Copy exactly the lines of the data below, beginning with the line with "図6．OFF-ON-OFFの3ポジション状態遷移図" and ending with the line with "Scan Antenna BY70-7G". Pictures are to be omitted.

Task inputs Start Marker

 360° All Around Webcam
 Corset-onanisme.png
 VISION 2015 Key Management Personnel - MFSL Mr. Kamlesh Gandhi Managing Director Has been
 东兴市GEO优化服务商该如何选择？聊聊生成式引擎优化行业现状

Task inputs End Marker
Task inputs Start Marker

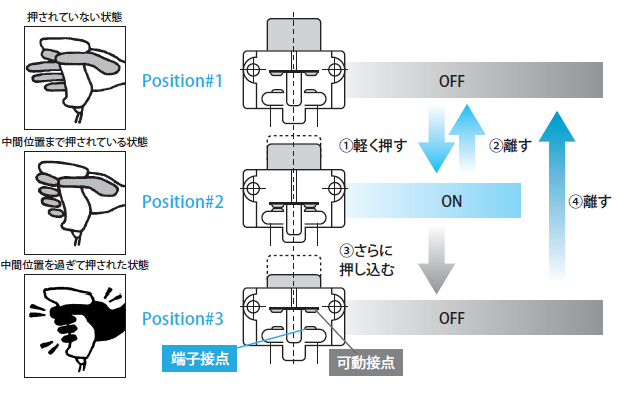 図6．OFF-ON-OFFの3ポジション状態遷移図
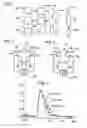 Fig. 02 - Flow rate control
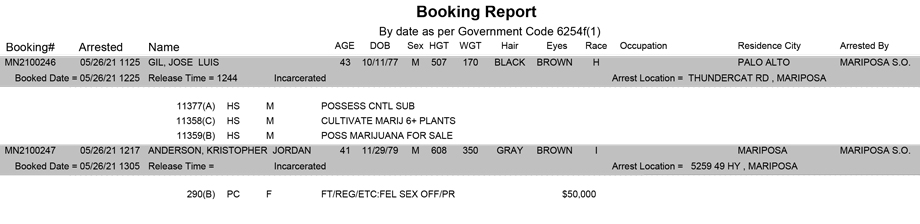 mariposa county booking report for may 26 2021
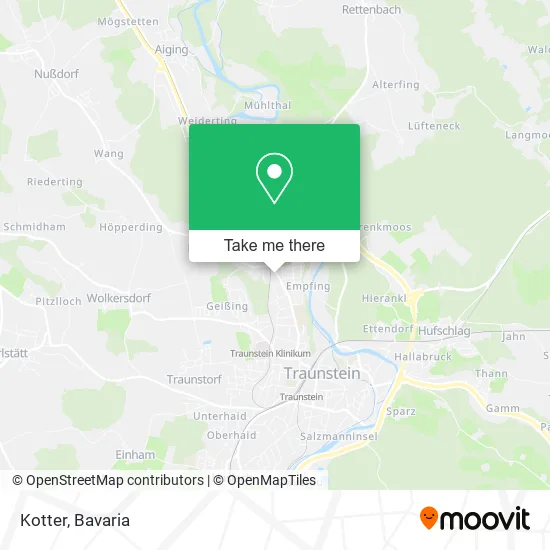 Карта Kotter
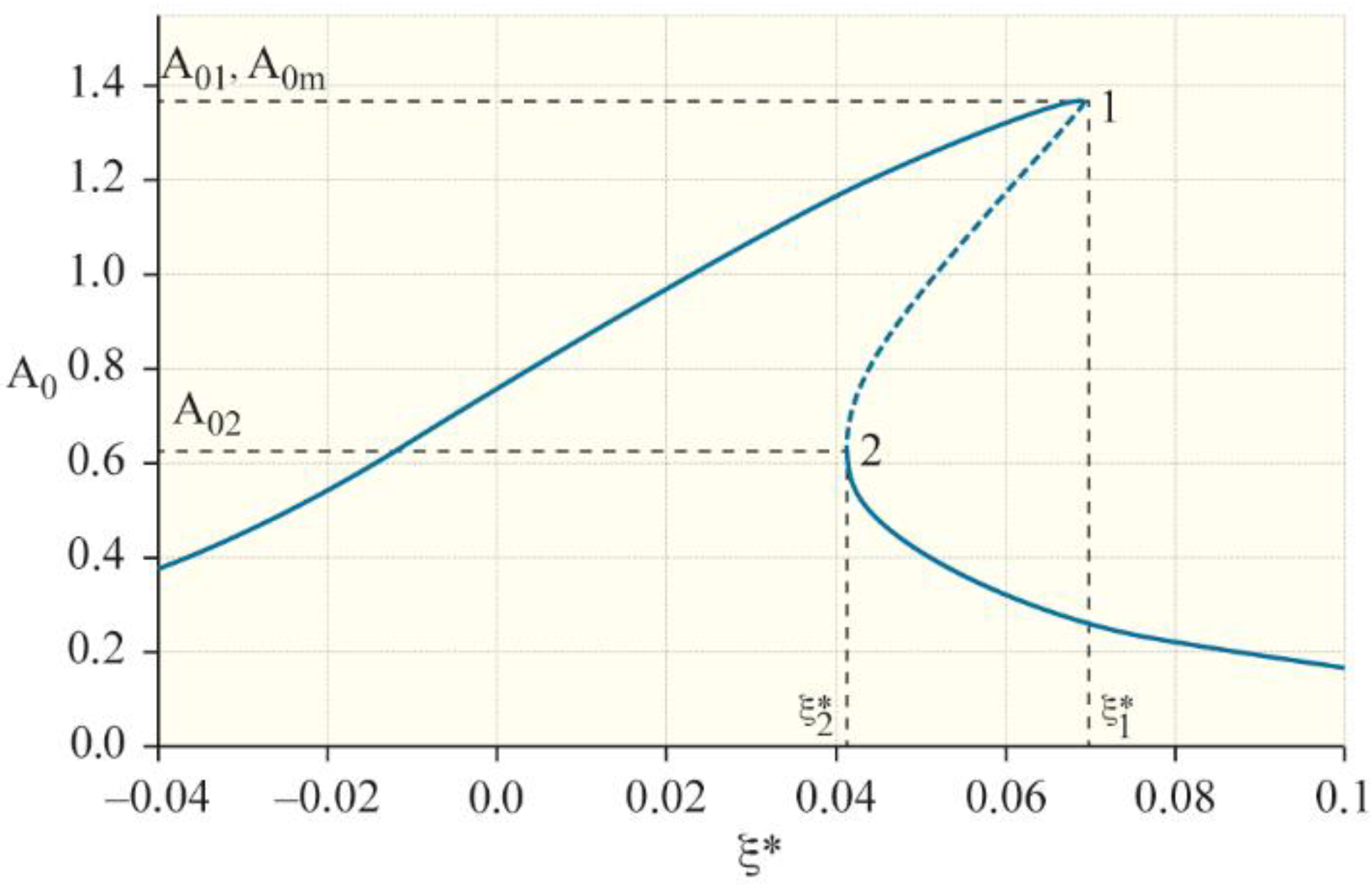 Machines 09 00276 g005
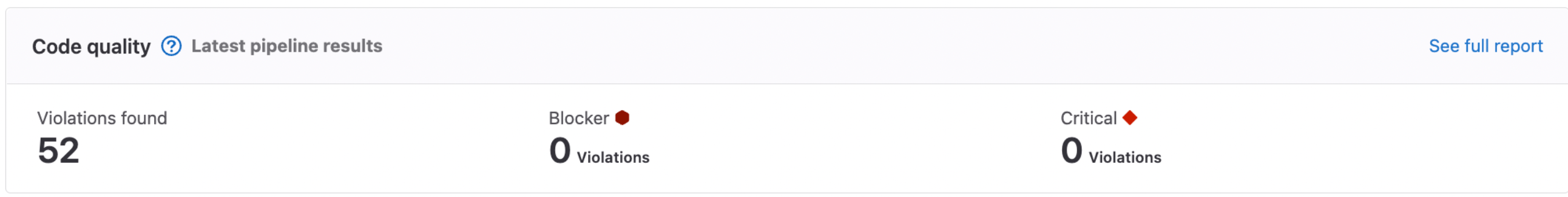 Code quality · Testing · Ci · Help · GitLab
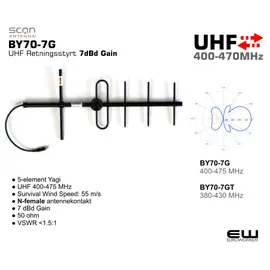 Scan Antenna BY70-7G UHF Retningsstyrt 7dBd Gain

Task inputs End Marker

Your response -
 図6．OFF-ON-OFFの3ポジション状態遷移図
 Fig. 02 - Flow rate control
 mariposa county booking report for may 26 2021
 Карта Kotter
 Machines 09 00276 g005
 Code quality · Testing · Ci · Help · GitLab
 Scan Antenna BY70-7G UHF Retningsstyrt 7dBd Gain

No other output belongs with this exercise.